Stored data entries
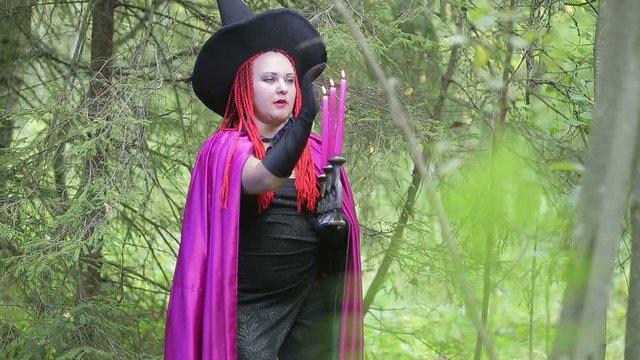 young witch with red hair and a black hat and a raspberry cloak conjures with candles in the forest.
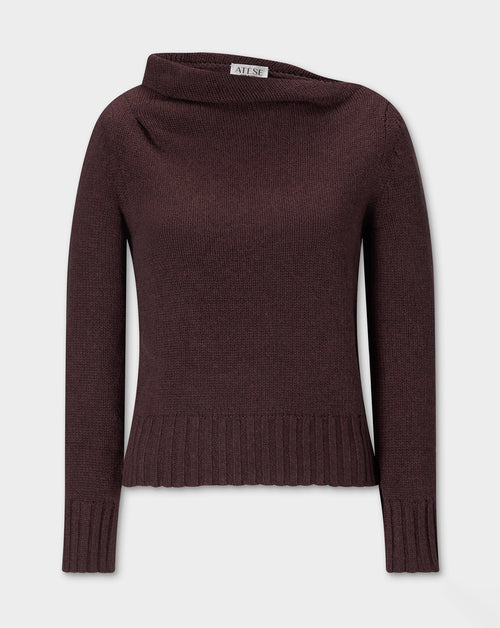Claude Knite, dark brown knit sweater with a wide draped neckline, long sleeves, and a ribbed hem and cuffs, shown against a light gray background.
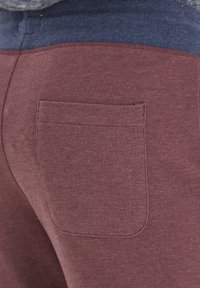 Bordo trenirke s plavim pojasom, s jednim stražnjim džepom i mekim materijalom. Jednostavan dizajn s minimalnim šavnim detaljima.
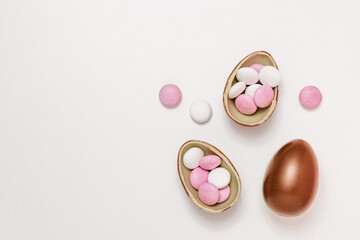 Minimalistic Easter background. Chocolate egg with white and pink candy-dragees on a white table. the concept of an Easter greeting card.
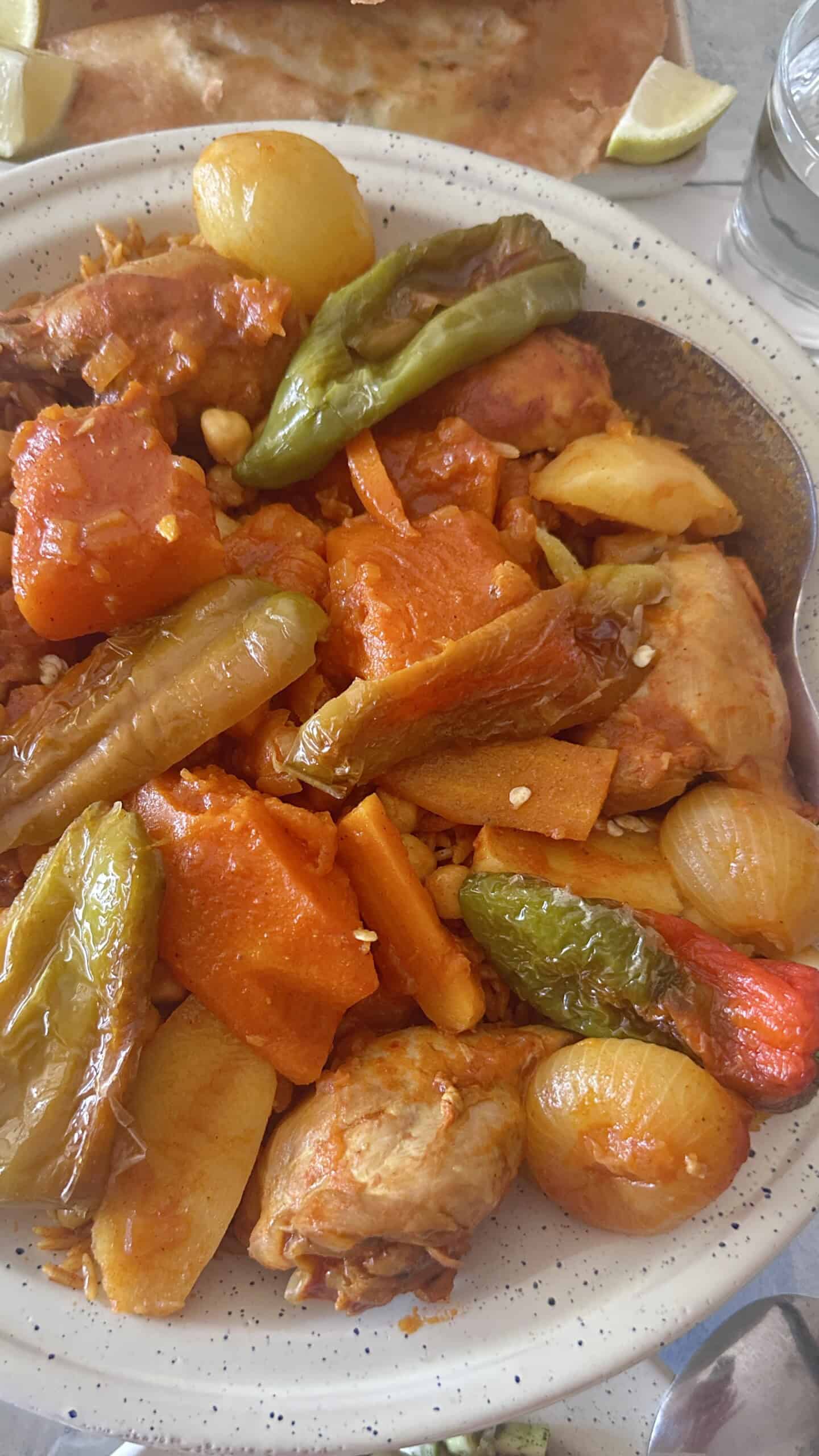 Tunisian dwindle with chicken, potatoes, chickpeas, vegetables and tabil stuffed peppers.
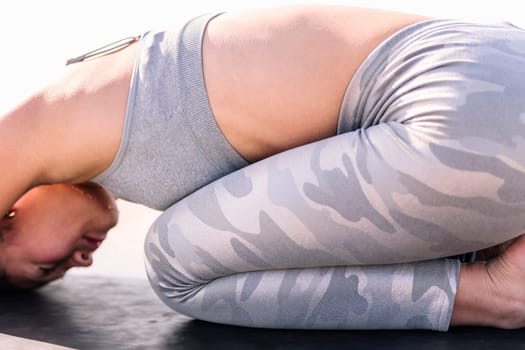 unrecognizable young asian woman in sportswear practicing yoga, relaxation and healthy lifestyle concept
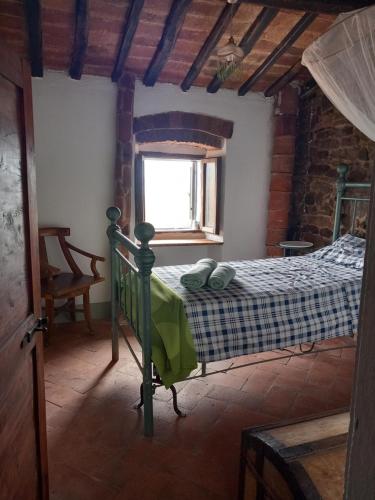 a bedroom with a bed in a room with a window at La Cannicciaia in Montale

[The problem] With the pictures omitted, print precisely the lines from the one with "Tunisian dwindle with" to the final line of the records, both included.

[Solved exercise]
 Tunisian dwindle with chicken, potatoes, chickpeas, vegetables and tabil stuffed peppers.
 unrecognizable young asian woman in sportswear practicing yoga, relaxation and healthy lifestyle concept
 a bedroom with a bed in a room with a window at La Cannicciaia in Montale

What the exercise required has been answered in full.